Theodore not only complains about no gas to sell; he doesn’t have gas to consume in his home. He went looking for gas in Limbe for his personal use on a week ago, but did not see and had to come back home unhappy.

Gas is sold in Cameroon at varied prices depending on the brand. Gas sold in a red bottle is more expensive than green and yellow bottle.

The General Manager of the Cameroon dépôts petroleum company, Véronique Moampea Mbio, reassured people over CRTV – state broadcaster – that consumers will have cooking gas soon.

“We just received about 4,000 metric tons of gas. We are waiting for another 8,000 metric tons in Douala,” she said.

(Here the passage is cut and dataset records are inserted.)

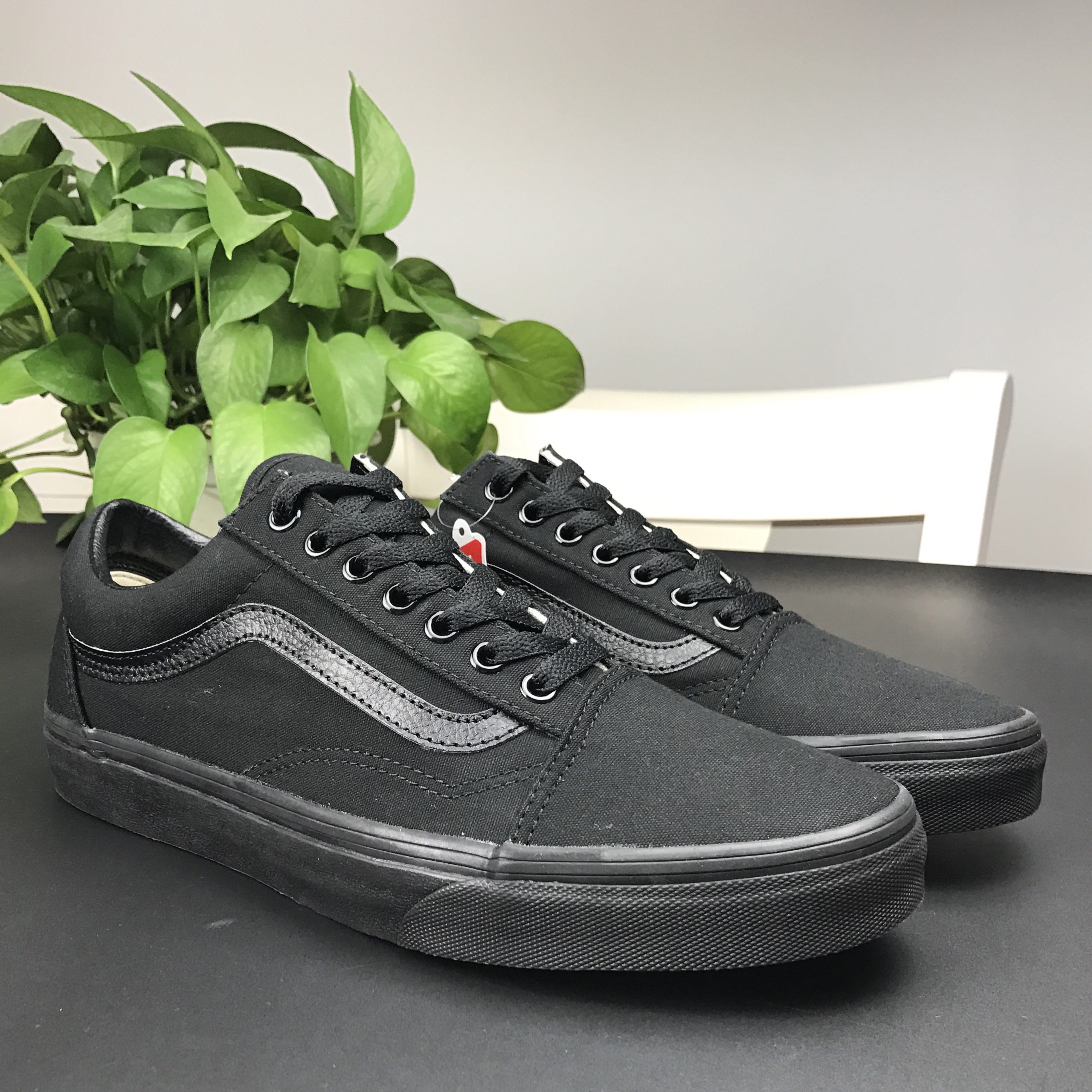 vans纯黑_现货 vans old skool低帮纯黑色武士帆布鞋男女鞋vn-0d3hbka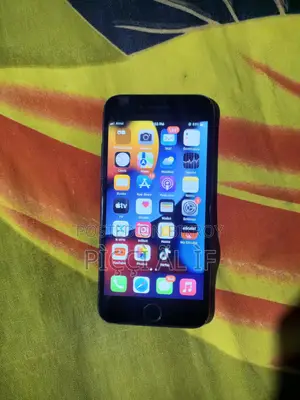 Apple iPhone 7 32 GB Black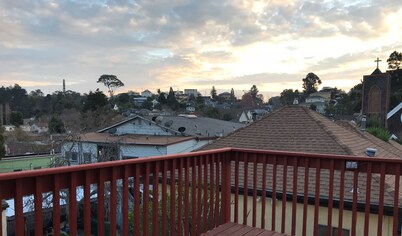 Elegant Cottage in Quaint Point Richmond for Extended Stay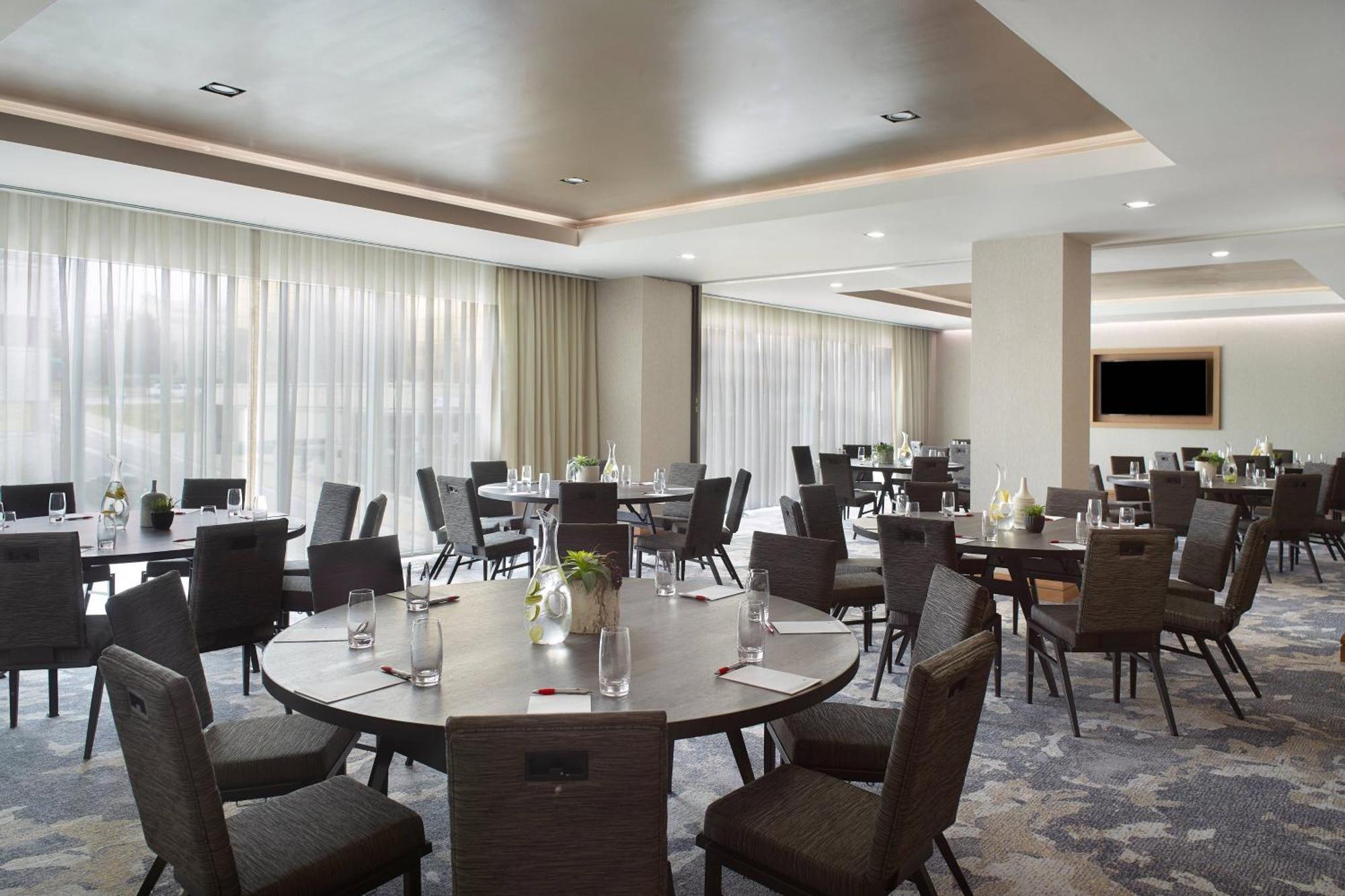 เลกซิงตัน แมริออท ซิตี้เซ็นเตอร์ Hotel ภายนอก รูปภาพ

“We have sent 50,000 metric tons in Yaounde by truck and Douala where we had a very bad situation. We are now filing 128,000 bottles of gas and all the people will be served till the weekend,” she added.

The government says 4,000 metric tons have been imported in Douala seaport. The General Manager of the Petroleum Company went to Société Cameroonaise Des Dépots Petroliers (SCDP) at Bonaberi to check the work being done.

Switching To Fuel Wood Will Hamper Climate Change

Cameroon imported about 150,000MT of cooking gas annually. With the shortage in place many are alternatively going back to fuel wood – charcoal and firewood. This will have an adverse effect on forest preservation and the destruction of the ozone layer.

As many trees will be felled, much charcoal will be produced meanwhile the smoke from it is harmful to human health.

According to Science WatchInfos, the current national demand for fuel wood in Cameroon is 6,560,000 tonnes per year, of which 356,000 tonnes are charcoal.

This demand for charcoal, it says, would be equivalent to 2.5 million cubic meters of timber and 12,500 hectares of natural forest destroyed per year.